[Work item] Reproduce every record below exactly, without the pictures.

[Material shown]

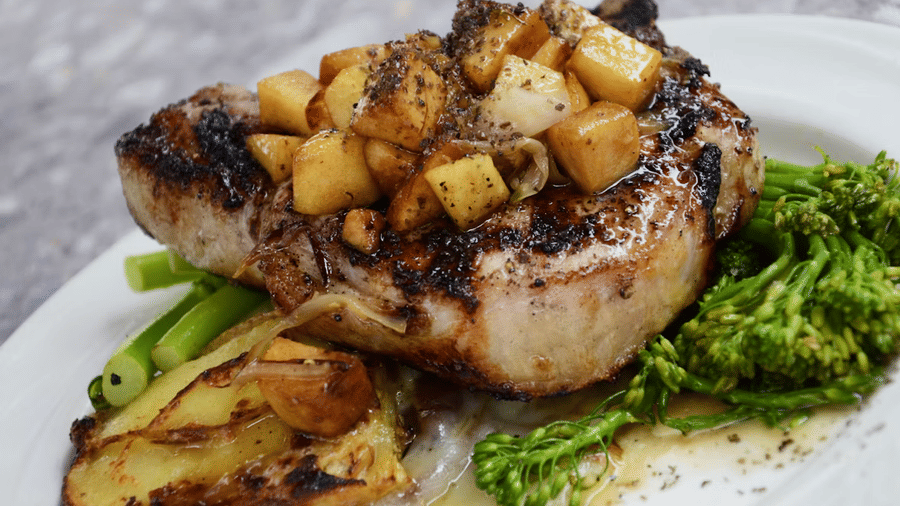 Grilled meat chop topped with sautéed apple cubes, served with broccolini, green beans, and roasted potatoes on a white oval plate.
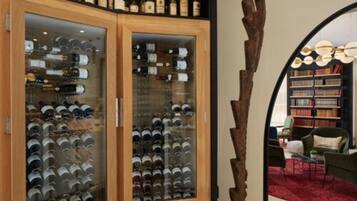 Una bodega con armarios de vidrio llenos de botellas de vino, una escultura de madera rústica y una zona de estar acogedora con un tapete rojo.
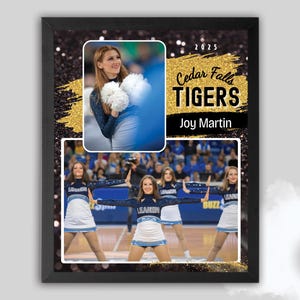 May include: A black and gold framed photo collage with a cheerleading theme. The top image shows a young woman in a blue and white cheerleading uniform holding a white pom-pom. The bottom image shows a group of cheerleaders in blue and white uniforms performing a cheer. The text on the photo reads "2025 Cedar Falls TIGERS Joy Martin".
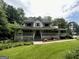 Charming two-story home with a large wraparound porch and well-manicured lawn at 3970 Governors Cir, Loganville, GA 30052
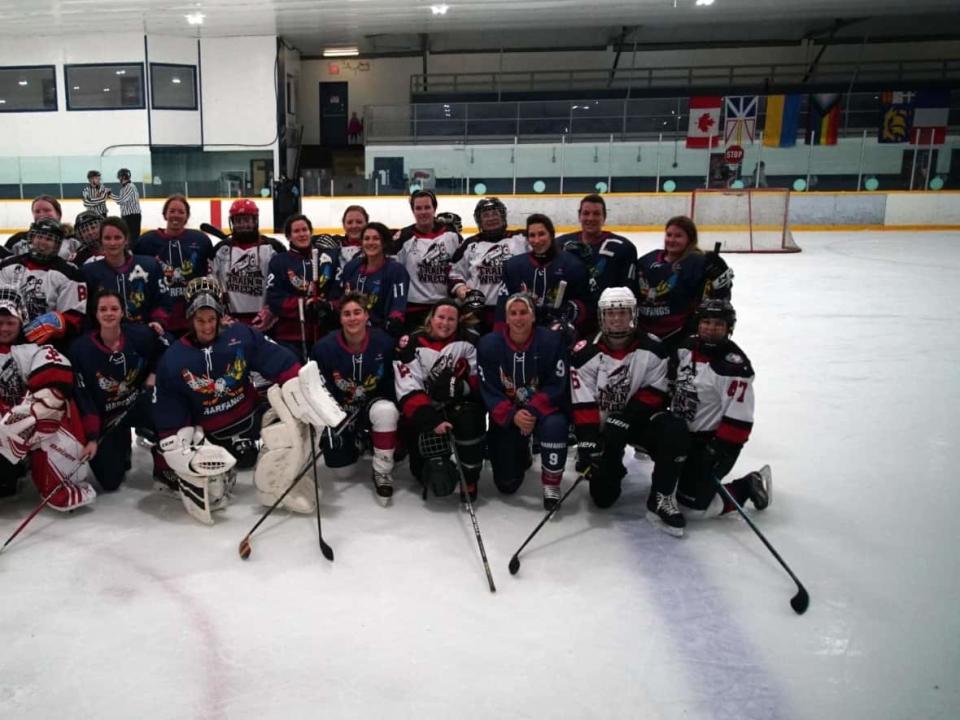 Players from St-Pierre-Miquelon and the St. John's area come together for a picture after a game on Saturday morning at Capital Hyundai Arena. (Ryan Cooke/CBC - image credit)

[Result of this task]
 Grilled meat chop topped with sautéed apple cubes, served with broccolini, green beans, and roasted potatoes on a white oval plate.
 Una bodega con armarios de vidrio llenos de botellas de vino, una escultura de madera rústica y una zona de estar acogedora con un tapete rojo.
 May include: A black and gold framed photo collage with a cheerleading theme. The top image shows a young woman in a blue and white cheerleading uniform holding a white pom-pom. The bottom image shows a group of cheerleaders in blue and white uniforms performing a cheer. The text on the photo reads "2025 Cedar Falls TIGERS Joy Martin".
 Charming two-story home with a large wraparound porch and well-manicured lawn at 3970 Governors Cir, Loganville, GA 30052
 Players from St-Pierre-Miquelon and the St. John's area come together for a picture after a game on Saturday morning at Capital Hyundai Arena. (Ryan Cooke/CBC - image credit)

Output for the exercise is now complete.